Citigroup expects Brent crude to fall to $60 to $65 a barrel by year-end, arguing that Strait of Hormuz traffic is normalizing and a U.S.-Iran deal is likely. Goldman Sachs and Morgan Stanley have also turned bearish, pointing to a growing global supply glut.
Citigroup, one of Wall Street's most bearish oil forecasters, expects Brent crude to decline to $60 to $65 per barrel by the end of the year, as oil shipments through the Strait of Hormuz keep returning to normal and the United States and Iran look likely to reach a broader agreement in the coming months. Prices already edged lower Monday after OPEC+ agreed to raise production, with Brent trading around $72.19 per barrel and West Texas Intermediate near $68.81 as Middle East supply worries ease.

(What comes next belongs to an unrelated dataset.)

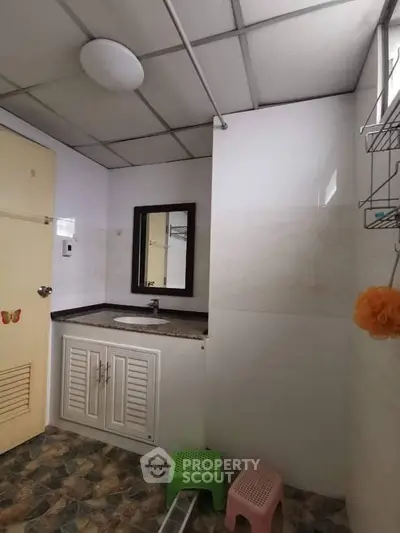 Modern bathroom with sleek fixtures and stylish design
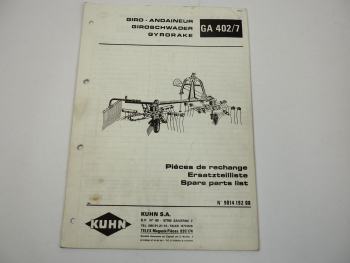 Kuhn GA402/7 Giroschwader Ersatzteilliste Ersatzteilkatalog parts list 1984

Why Citi sees more downside
Citi told clients it would keep recommending selling any summer rallies, expecting the memorandum of understanding signed by the U.S. and Iran to evolve into a formal agreement because the incentives for de-escalation outweigh the risks of renewed conflict. The bank also points to several bearish fundamentals: China's crude demand remains sluggish, physical prices have weakened as Middle Eastern exports recover, and global inventory draws have been far smaller than many expected.
Not everyone agrees. Commercial and government oil inventories, including those in the United States, fell to multi-decade lows during the four-month conflict, and some analysts think the eventual push to rebuild those stockpiles will support crude prices.
A supply glut into next year
Goldman Sachs argues that restocking will not be enough to offset a significant supply surplus expected next year, forecasting a global oil surplus of roughly 3 million barrels per day in 2027. Samantha Dart, the bank's co-head of global commodities research, said that even if governments replenish strategic petroleum reserves by more than 1 million barrels per day, the market would still face an oversupply approaching 2 million barrels per day.
Morgan Stanley has also turned more bearish, recently cutting its oil price forecasts for the next 18 months as the reopening of the Strait of Hormuz accelerates what it expects will be a growing supply glut. Only a month ago, fears that the Hormuz lane could stay closed had pushed crude toward the mid-$90s. With the waterway reopening, the banks now point to oversupply rather than scarcity as the main driver of prices.